Refusant de jouer le rôle de victime et de se laisser enfermer dans le statut d’artiste femme, Chiara Fumai (1978 — 2017) a pratiqué l’ironie au sein d’une “fiction véritable” forgée sur des remix et des réappropriation en ses performances qui évoquent des figures féminines en colère qui marquèrent l’histoire humaine dont elles furent néanmoins les oubliées…
Il y à là et entre autres la femme à barbe Annie Jones, attraction de Barnum, “la beauté circassienne” Zalumma Agra, elle aussi offerte aux regards dans le même cirque, la terroriste allemande Ulrike Meinhof, la médium analphabète Eusapia Palladino ou encore la philosophe Rosa Luxembourg. Mais surgissent aussi des magiciens masculins : Harry Houdini ou Nico Fumai, le personnage de fiction inventé par Chiara.
Le Centre d’Art Contemporain Genève propose la première rétrospective consacrée à l’œuvre de l’artiste. Elle a fortement contribué à développer les langages de la performance et de l’esthétique féministe du XXIe siècle.
L’exposition scénarise une sélection importante de travaux, même si les performances sont a priori insaisissables (puisque Chiara Fiumai refusa de les documenter) mais rendent l’artiste unique.
Avec “I Did Not Say or Mean “Warning” “, elle traduit l’esprit d’une femme anonyme guidant le public à travers la collection d’art historique de la Fondation Querini Stampalia à Venise. Dans “Chiara Fumai reads Valerie Solanas” , elle propose une propagande fictive de Silvio Berlusconi.

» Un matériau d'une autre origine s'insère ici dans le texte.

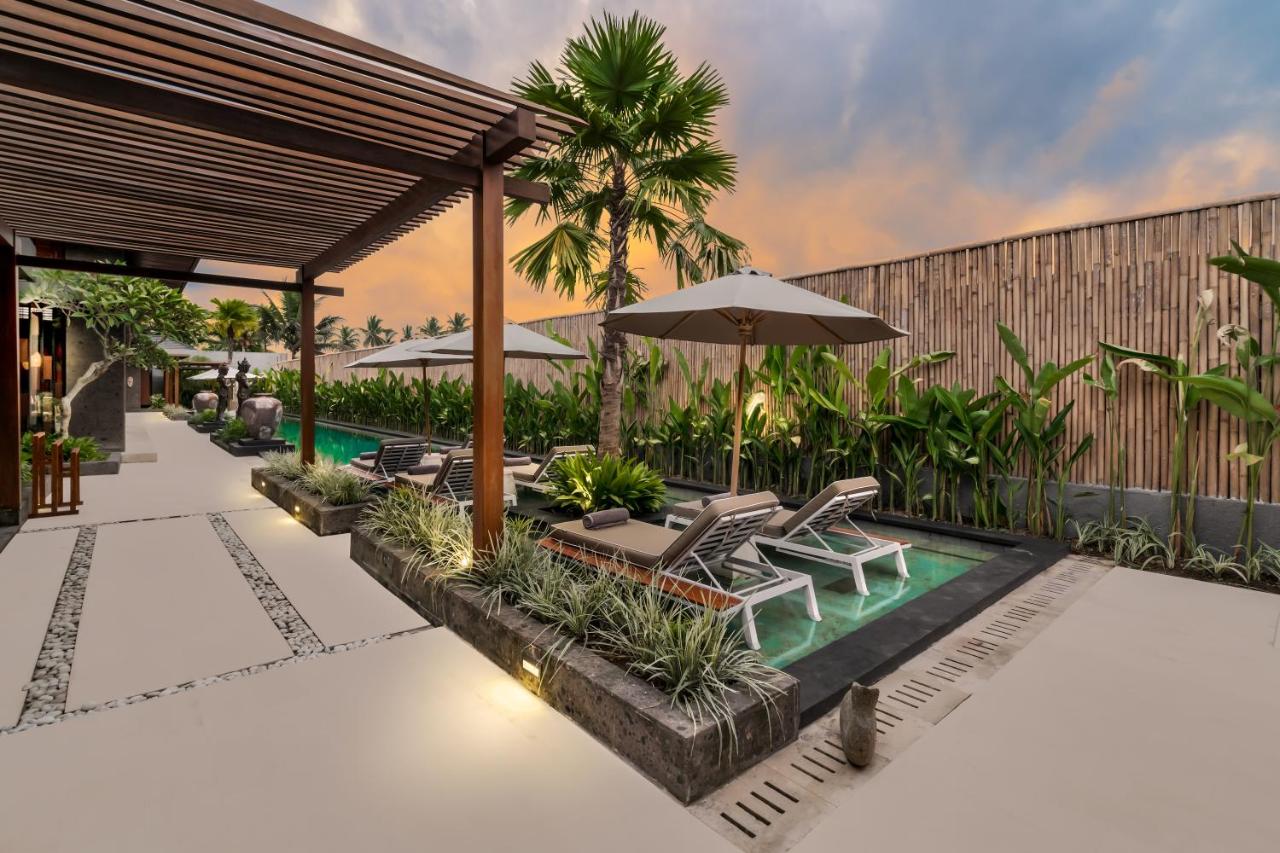 Villa Myosotis by BaliSuperHost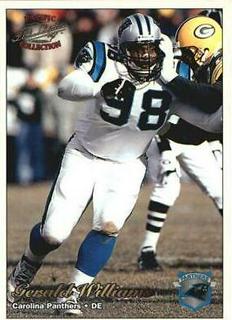 Gerald Williams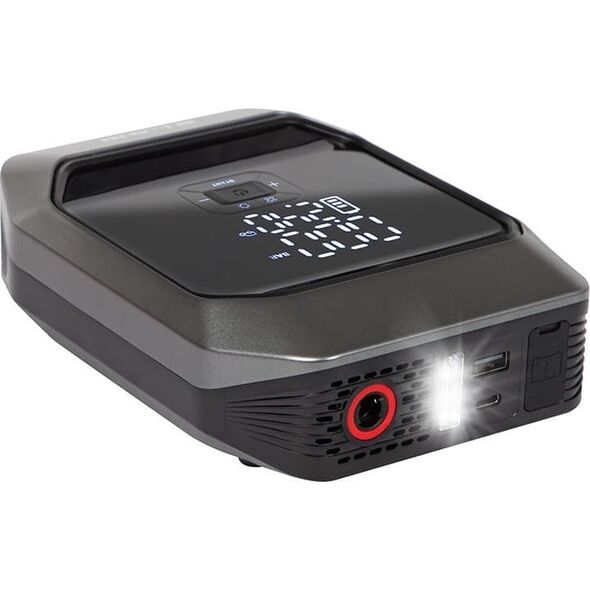 Jump starter kompresor BLOW AP02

“The Book of Evil Spirits” offre une séance de spiritisme de la médium Eusapia Palladino qui témoigne de l’intérêt porté par la créatrice pour les expériences médiumniques et la magie noire.

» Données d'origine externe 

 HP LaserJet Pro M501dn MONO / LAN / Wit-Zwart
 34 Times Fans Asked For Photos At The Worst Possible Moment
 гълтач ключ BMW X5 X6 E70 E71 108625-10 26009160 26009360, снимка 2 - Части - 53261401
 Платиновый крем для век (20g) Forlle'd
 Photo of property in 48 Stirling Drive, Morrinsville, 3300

Le titre de l’exposition s’inspire d’une sculpture inachevée – celle du dernier autoportrait de l’artiste, sous la forme d’une marionnette portant un t-shirt sur lequel est écrit “Poems I Will Never Release”. Cette phrase mélancolique évoque ce que l’artiste aurait pu faire si elle n’était pas morte prématurément.

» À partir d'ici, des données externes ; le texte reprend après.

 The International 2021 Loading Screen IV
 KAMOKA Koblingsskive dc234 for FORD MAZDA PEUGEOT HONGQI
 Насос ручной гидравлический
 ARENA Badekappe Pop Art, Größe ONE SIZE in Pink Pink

Elle rappelle aussi que Chiara Fumai se fondait son travail sur l’interprétation de mots écrits par d’autres, n’ayant elle-même jamais composé ses propres poèmes. Elle a préféré rassembler les paroles de femmes qui réclamaient vengeance et cherchaient à obtenir une reconnaissance méritée.
jean-paul gavard-perret
Chiara Fumai, Poems I will Never Release, 2007–2017, Centre d’art Contemporain, Genève du 4 novembre 2020 au 31 janvier 2021.